I bought this last time on Woot. I absolutely love being able to repair things I typically would have thrown away. Favorite fix so far was my roomba’s waste receptacle door. I formed a new U joint by wiggling and curing at the same time.
The roomba uses U joints for that door? Usually they’re used for rotating parts. Interesting.
Is this safe ro repair aquarium decorations made of plasric?
Yes. It contains no solvent, which is the major fish-killer in aquarium applications. You need to understand the adding-a-layer thickness limitations, because if you try to go too “thick” with a layer, the deepest part of the new resin may not “cure” properly (if the UV light can’t get thru the material above that depth). That reduces the strength of the cured mass, and if it does crack with applied forces you could have uncured resin interacting with your fish. But remember this stuff comes from dental repair technology, i.e. gets used in rebuilding peoples’ TEETH (biting forces!), and gets shaped easily with things much like dremel tools. It is an ingenious expansion of materials tech into larger niche applications…

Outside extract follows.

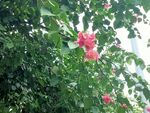 叶子花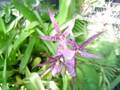 orchid recovery patient and several other blooming orchids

Have to remember, this stuff is not STICKY, it is not glue. It works by solidifying within surface textures (like the nooks and crannies of jigsaw puzzle pieces) and by wrapping around features. It won’t stick to a flat surface, but will stick to a roughed-up surface…

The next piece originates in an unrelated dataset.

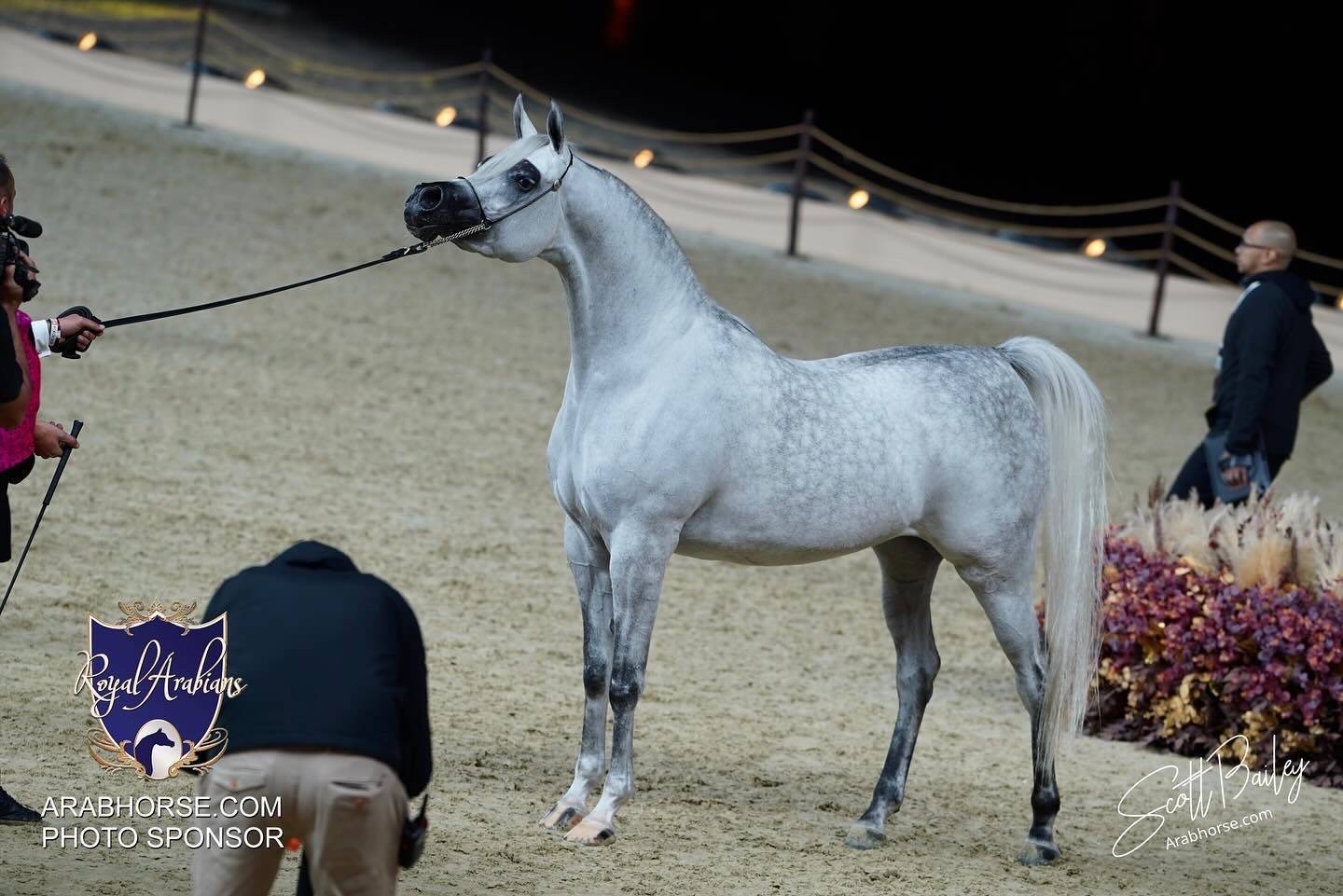 2024 KATARA SHOW - CHAMPIONSHIPS!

Got it, understood it but just wanted to be 100 percent sure. Basically just melting what is there already and then putting back to a solid. Thank you.

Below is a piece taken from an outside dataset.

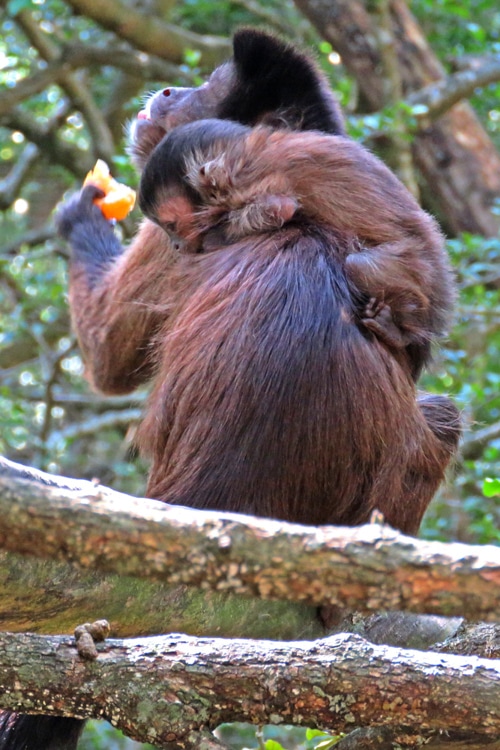  The Monkeyland wildlife sanctuary in the Crags area outside Plett.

Does this work on a hairline crack in a plate glass window?
Not really, because it is “not glue”, and if it doesn’t have any surface imperfections to “grab” when it is “cured” then it will mostly just peel off at some unfortunate time.
Not quite, almost, and close enough. If you use sandpaper etc to put scratches in the surface then the resin fills in those scratches and now can get a strong “grip” on the surface. This started out as dental repair material (strong!) and some ingenious person saw an opportunity…
Interesting! I always assumed it was adapted from “Gel Nails” technology (or maybe that was adapted from the dental application too…?).